While I currently have a KDE 4.1Beta running, that machine does not have bluetooth, so I can’t test it myself right now. However, the release notes on kde-apps.org list the features (and has screenshots), but also the yet missing points. And indeed almost all basic functions are already implemented:

  • Trayicon to manage all functions
  • Passkey and Authorization Agent to handle requests from remote devices
  • Bluetooth Adapter configuration
  • Bluetooth Device-Manager
  • Bluetooth Device Wizard, to add new Devices
  • KBlueLock, to lock your screen, when your mobile phone is out of scope
  • Send Files to remote devices (obex-data-server)

Quite nice for a first test release! However, currently the kio-browsing is still missing. Also, support for requesting capability information (for example if it is an audio device or a pointer device) are missing as well as support for audio devices. From my point of view the most hurting point is that there is currently an obex-data server missing so that files cannot be received. But that is only a matter of time.

In case you run a recent KDE 4svn version, give it a test! As usually the developers welcome any kind of (polite) feedback and of course any help development wise.

10 thoughts on “KDE-Bluetooth for KDE 4: first test release”

  1. It looks like kdebluetooth4 doesn’t use Solid for communicating with the hardware and is doing it instead directly with BlueZ.
    Is there any reason doing so? Doesn’t Solid provide all necessary features yet?
    Are there any plans going to use Solid for it? I’d love to see having the efforts brought together.

    Anyways, kdebluetooth is really great – going to try it now as it looks in KDE4 now.
    Thank you for porting it.

    Regards, Elias P.

  2. Nice, I already missed that. 🙂

    But why not make it a part of the official KDE? (in kdenetwork?)

    Has someone asked the devs of kde bluetooth asked about this?

  3. Hi!

    One thing that likes me, but don’t know if is implemented, is the posibility to hide the tray icon when no bluetooh adapter is up. This way, when i press fn+f10 the thay icon appears, and when preesed again, it disappears.

    Just an idea.


  4. @Bernhard: this is probably an intermediate step, so they can get the functionality out to the users and then concentrate on splitting it into a Solid backend and a frontend using Solid.

    So basically working on the core problem first and doing nice KDE integration afterwards

  5. eliasp, if I get Kevin’s comment right it will in the end sit on top of solid… but I’m not sure right now.

    shiny, you are of course right – but an obey server would be cool as well 😀

  6. @eliasp: kdebluetooth4 is not a port of kdebluetooth from KDE3. It is a complete rewrite and working on top of solid using its solid-bluez api. There is no direct bluez communication like it was in kdebluetooth3.

  7. Kdebluetooth4 does not work on Kbuntu.
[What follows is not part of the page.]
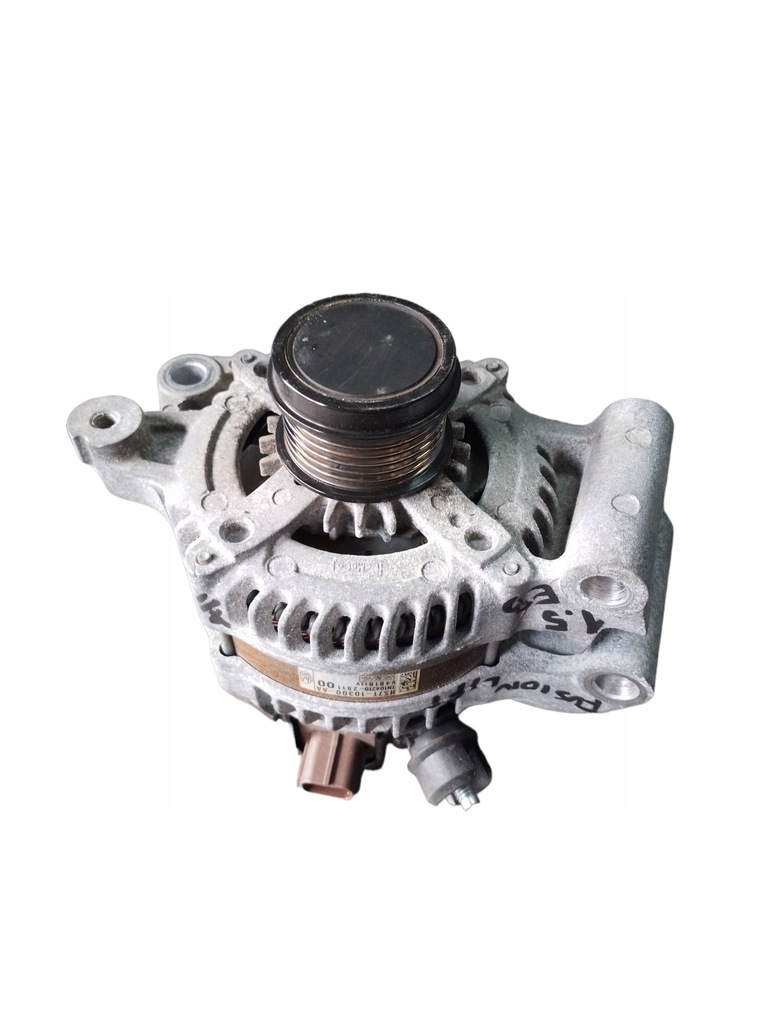 фото №4, Генератор ford fusion usa 1.5 ecoboost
It’s documented in their bug tracker. As soon as bluetooth is supported as well as kppp then Kubuntu will be a viable option for mobile users.

  8. I tried it today after I noticed an update. I can now get kbluetooth to sync with my logitech bluetooth mouse without any problems.

    It disconnects without problems, and reconnects automatically (although I haven’t rebooted yet to test if the connection will persist – I’m sure it will.)

    This is a really welcome milestone for the kbluetooth guys who struggled with a lot of criticism for the last six months. Thanks guys for all of the hard work.

    I have three questions:
    1) How is the audio device development going? I would loveto use my bluetooth headphones;
    2) How will the system work for connecting to non input/non audio devices?